A parallel installation (Tawa) of film projections onto interior room walls will feature juxtapositions of moving images that produce abstract interpretations of past uses of the building as a draper’s and dwelling for Maori whalers among others long forgotten. Large format projections of patterns and colours characteristic of The Rocks will combine with an abstract, ambient sound-scape and engage the architecture of the building. Film sequences will extend the chromatic research by Lymesmith, providing a virtual or ephemeral parallel to the material catalogue and archive.

Gardner, W.H and MacKenzie, N.H. The Poems of Gerard Manley HopkinsOxford: Oxford University Press, 1970: xx.

Michael Tawa is an architect, Professor of Architecture at the University of Sydney and Visiting Professor at the University of Newcastle (UK).

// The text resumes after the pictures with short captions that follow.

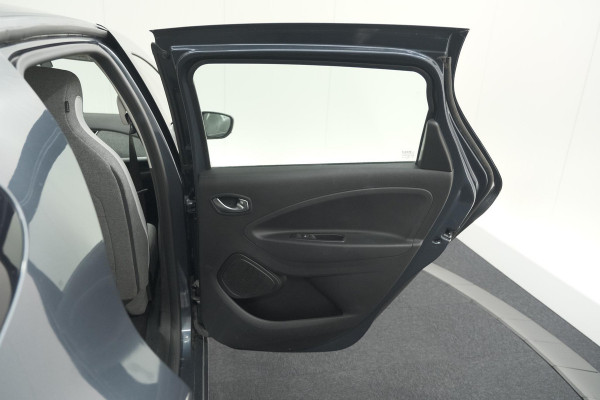 Renault ZOE R110 Life 52 kWh | Koopaccu | 3 Fase | Camera | Apple Carplay | Parkeersensoren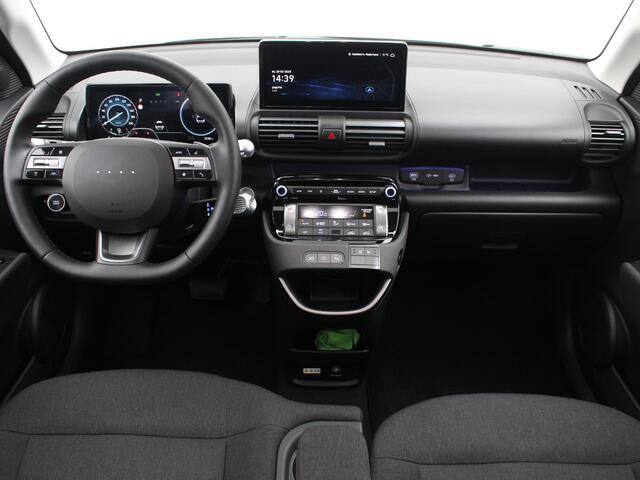 Hyundai INSTER Evolve Sky 49 kWh / Navigatie + Apple Carplay/Android Auto / Stoel- & Stuurverwarming / 360* Camera / Cruise Control Adaptief / Elektrisch Schuif-/Kanteldak /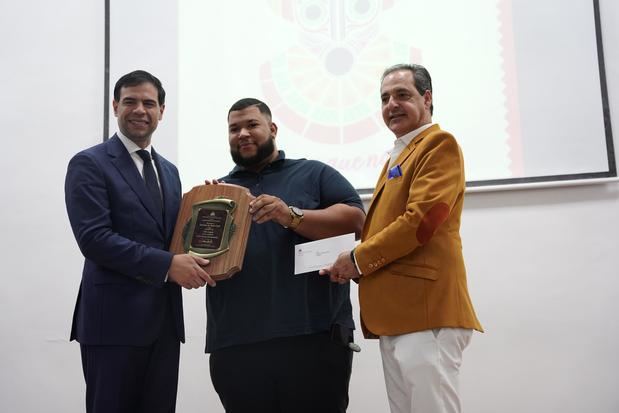 Ministerio de Cultura entrega Premios Anuales de Carnaval.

He has been Visiting Thinker at the Centre for Ideas (VCA, 2011) and External Scholar, SASA Gallery (UniSA, 2010/2013). His book Agencies of the Frame (2010) investigated parallels between cinema and architecture. He has collaborated with artists including Paul Carter, Janet Laurence, Richard Goodwin and Ruark Lewis; and worked with Mireille Astore on the film Hunter for the group show Alchemy (SCA, 2012) and Belqis Youssofzay on Interstice for the Tin Sheds group show Badlands and Interstice (2013).

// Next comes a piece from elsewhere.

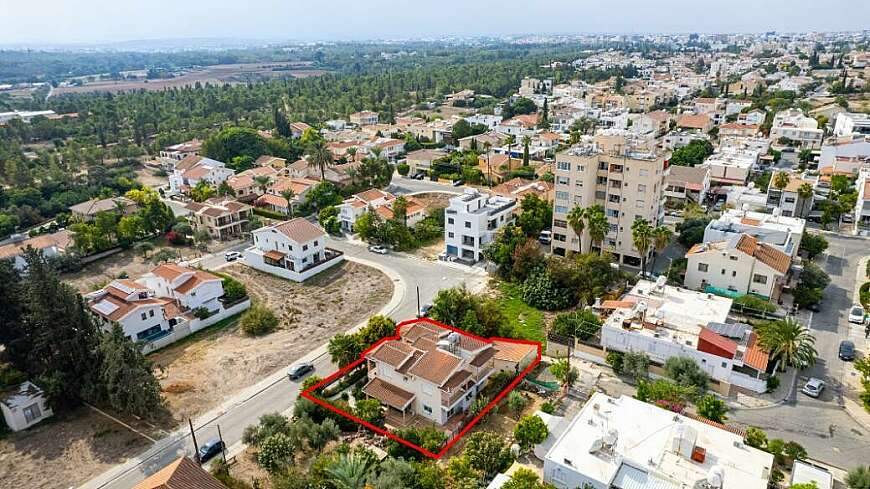 Two-storey detached house in Aglantzia, Nicosia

Lymesmith creates architectural colour concepts for buildings, infrastructure, walls, streetscapes, public places, landscapes and interiors. The name Lymesmith was coined to describe one who works with lime, and whose practice makes essential connections between architecture, painting and urban design. Lime is a ubiquitous substance and ingredient in mortar, cement, plaster and paint, forming an essential link between built form and ‘decoration’. In Australia, Aboriginal shell middens were gathered up and burnt in kilns to create shell lime for construction in the colony. For this reason, the Sydney rock oyster has been adopted for Lymesmith’s logo.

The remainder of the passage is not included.